-------- MATERIAL SUPPLIED --------
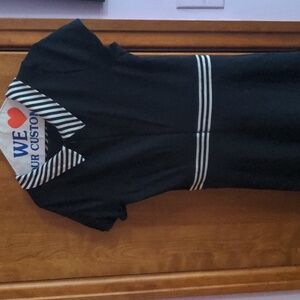 Hobbs navy blue dress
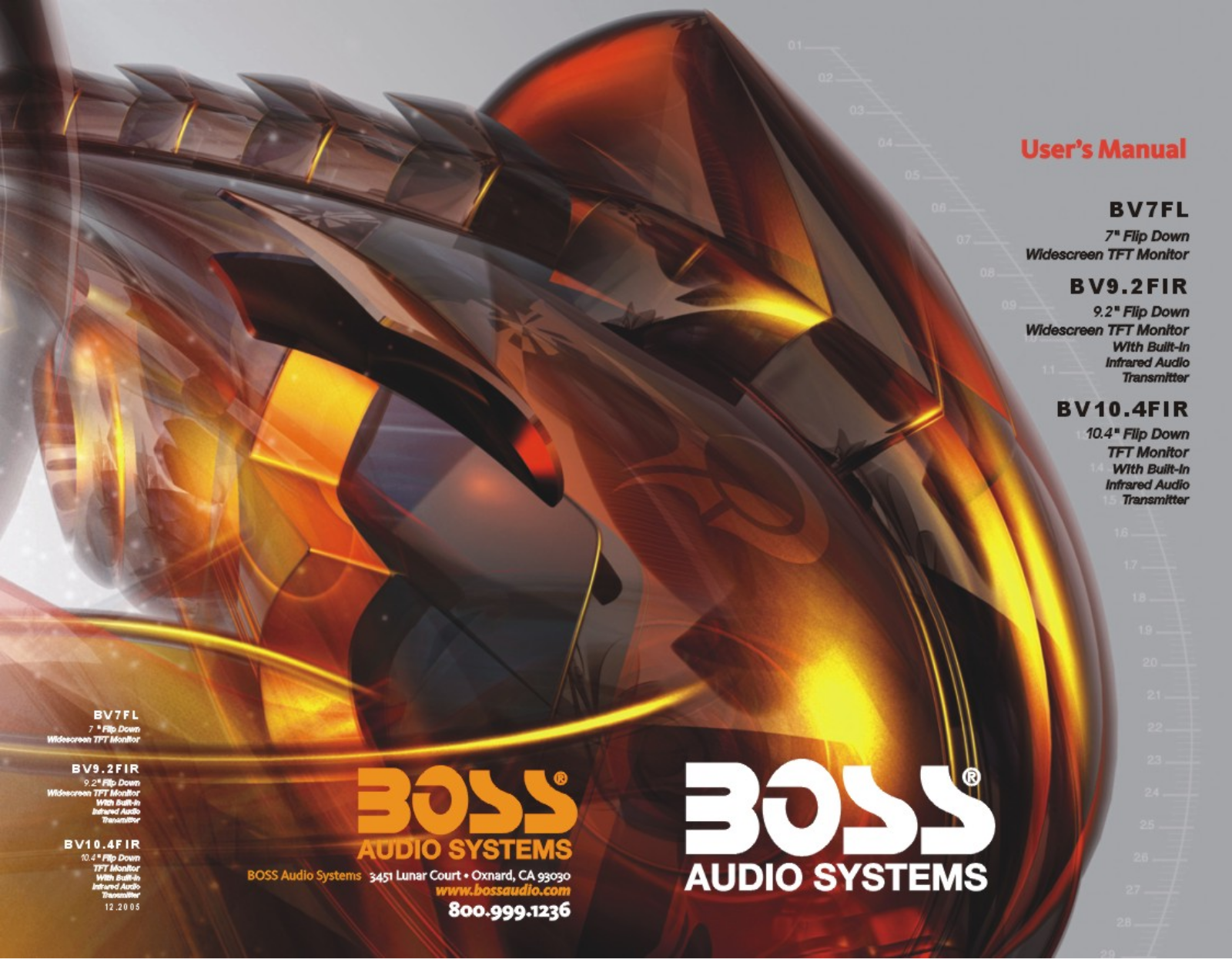 Boss Audio BV10.4FIR, BV7FL, BV9.2FIR Owner Manual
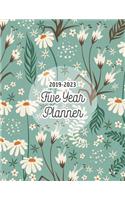 2019-2023 Five Year Planner: Monthly Schedule Agenda & Organizer for 5 Years or 60 Months - Chamomile Mint
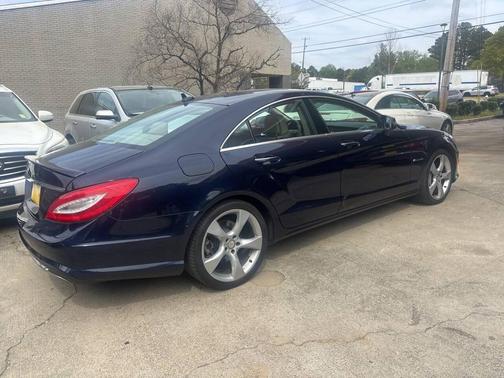 Blue 2014 Mercedes-Benz CLS-Class CLS 550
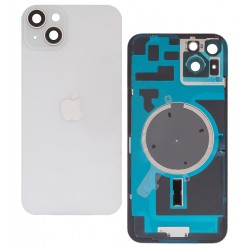 Задняя панель корпуса для Apple iPhone 14 Plus, белый, со стеклом камеры, High Quality, Starlight
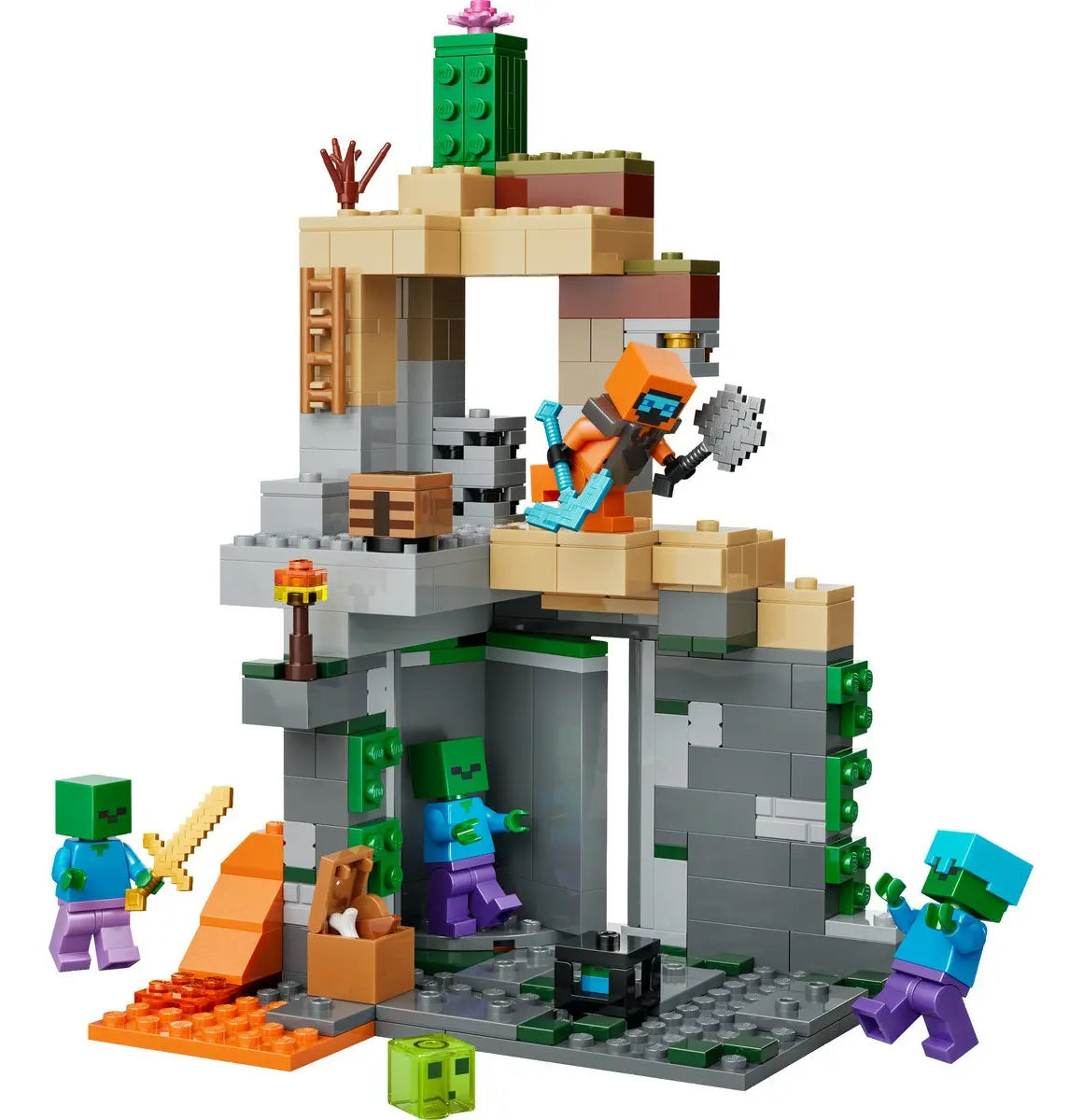Lego Minecraft: La Mazmorra de Zombis 21587
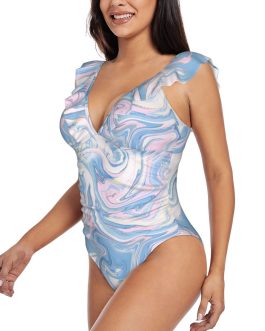 Women’s Ruffle One Piece Swimsuit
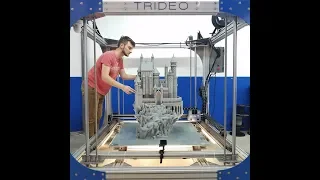 3D Printing Timelapse - 1 meter high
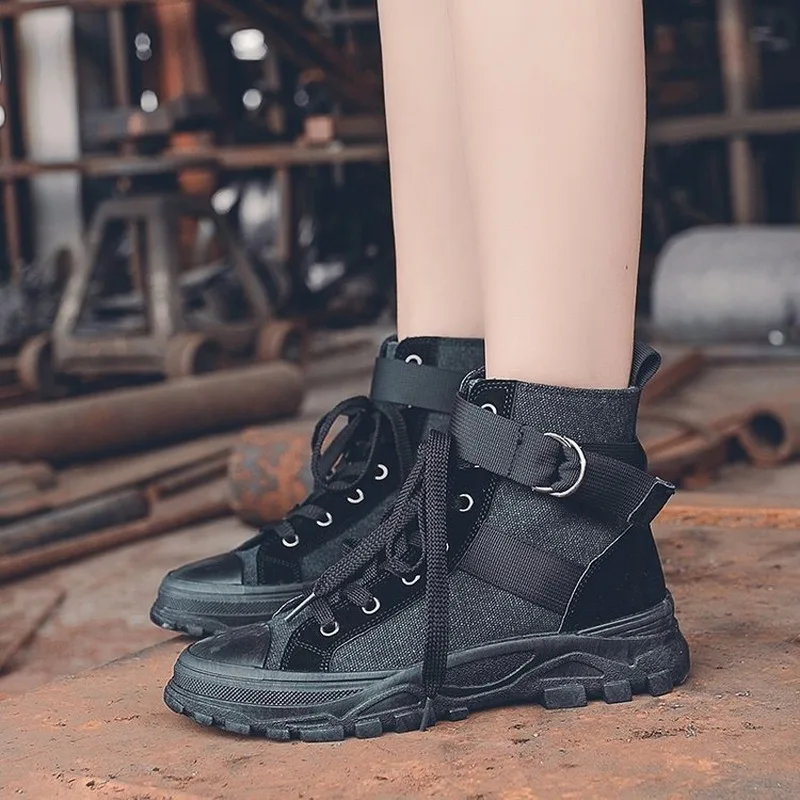 Spring and Autumn Martin Boots Tooling Short Boots Breathable Retro British Wind Thick Bottom Desert Boots Women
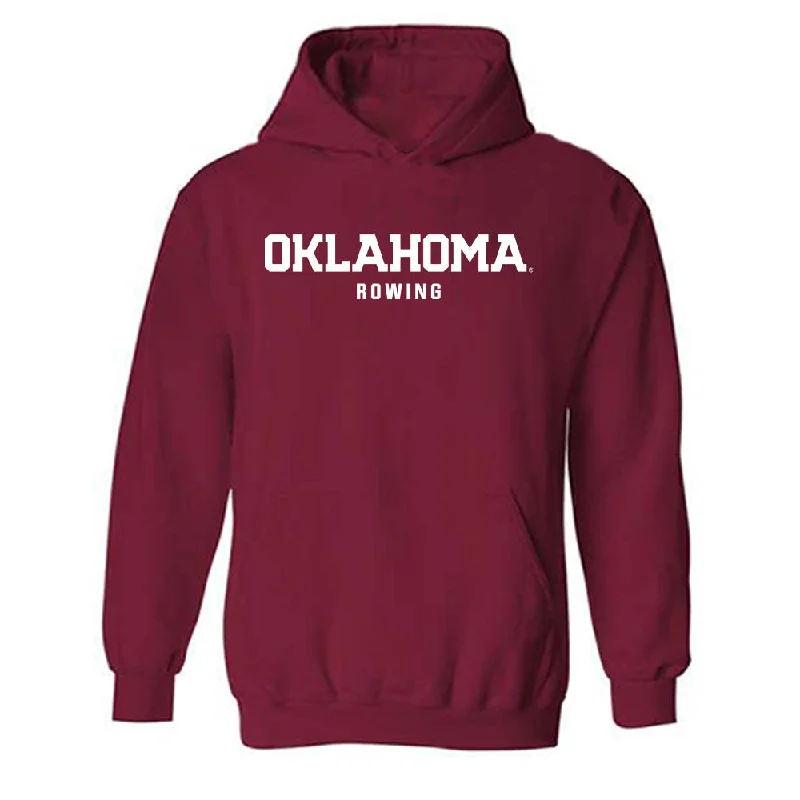 Oklahoma - NCAA Women's Rowing : Kennedy Stewart - Classic Shersey Hooded Sweatshirt Hoodie with Batwing Sleeves Loose Dramatic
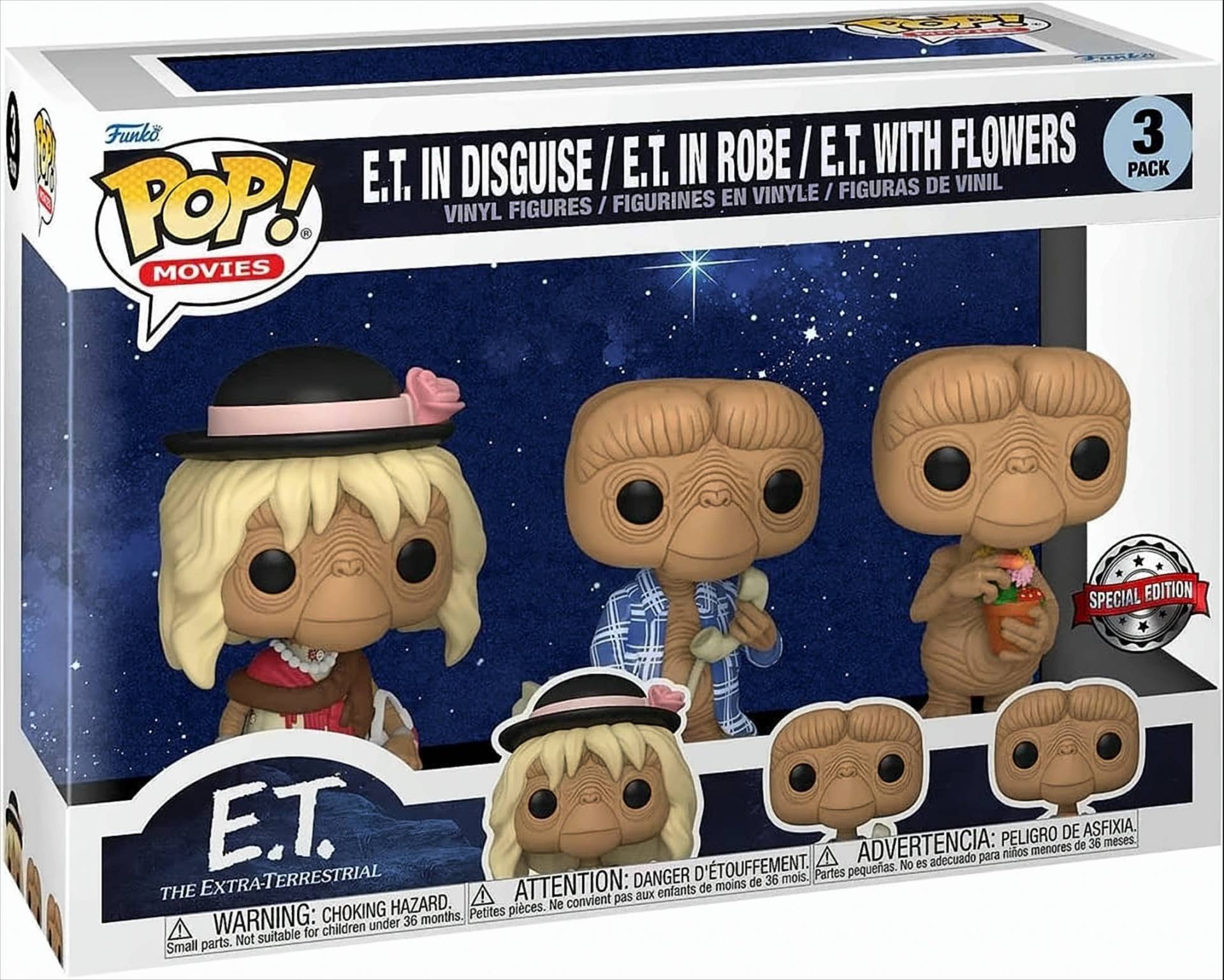 POP - E.T. 40th Anniversary - E.T. 3er Pack von Funko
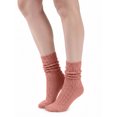 thumbnail image 4 of MUK LUKS Women's Fluffy Dream Crew Socks, 6-Pack, One Size, 4 of 5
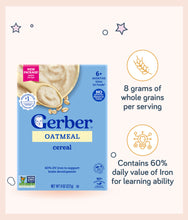 Load image into Gallery viewer, Gerber Single Grain Cereal Oatmeal 227g Container
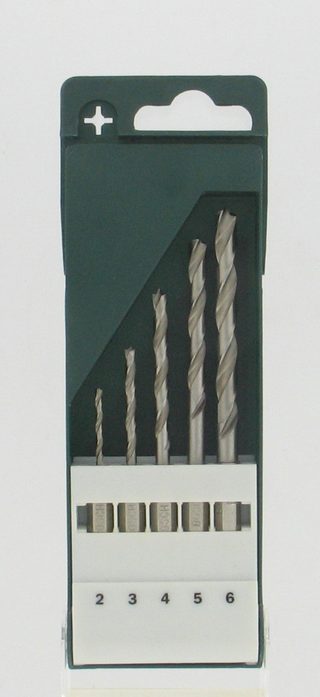 Coffret de 5 forets bois BOSCH, Diam.2-3-4-5-6 mm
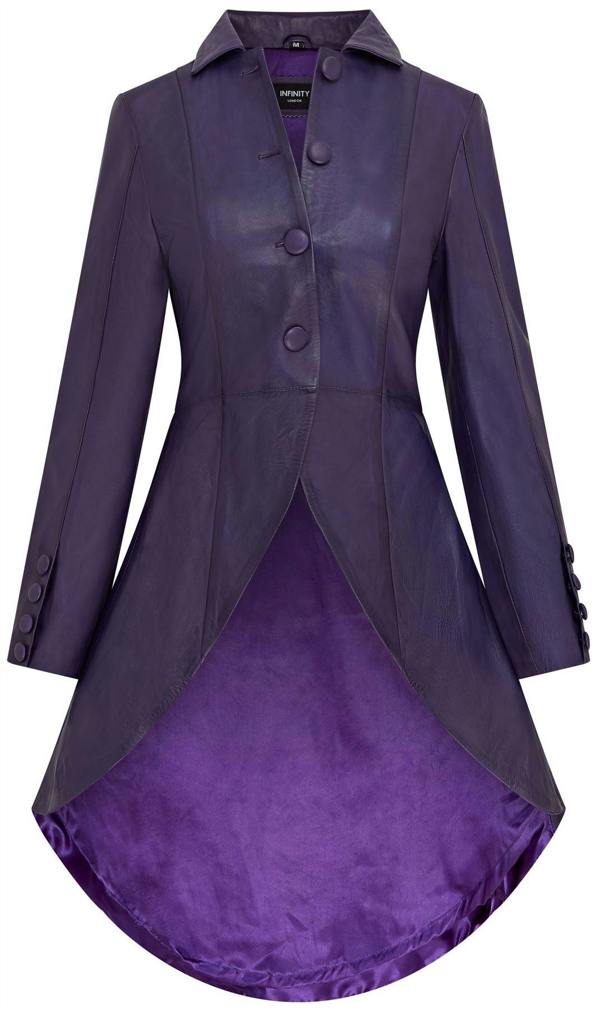 Infinity Leather Womens Gothic Full Length Victorian Leather Coat - Vantaa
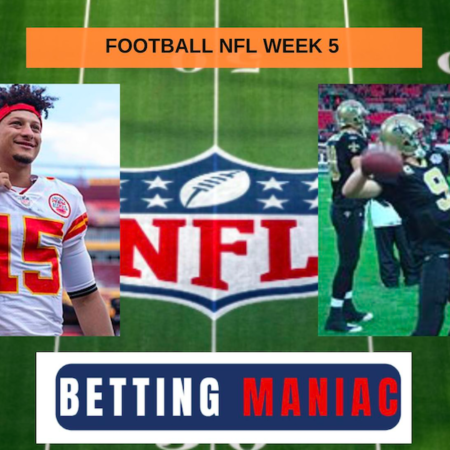 Pronostici Football Americano NFL: analisi, quote e scommesse Week 5. Le analisi di tutte le partite, si chiude lunedì con Chiefs-Saints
--------
[WHAT THE EXERCISE ASKS]: Your answer must be an exact copy of the lines from the start of the entries through the line with "Blue 2014 Mercedes-Benz CLS-Class CLS 550", with no pictures.

[REPLY TO THE TASK]:
 Hobbs navy blue dress
 Boss Audio BV10.4FIR, BV7FL, BV9.2FIR Owner Manual
 2019-2023 Five Year Planner: Monthly Schedule Agenda & Organizer for 5 Years or 60 Months - Chamomile Mint
 Blue 2014 Mercedes-Benz CLS-Class CLS 550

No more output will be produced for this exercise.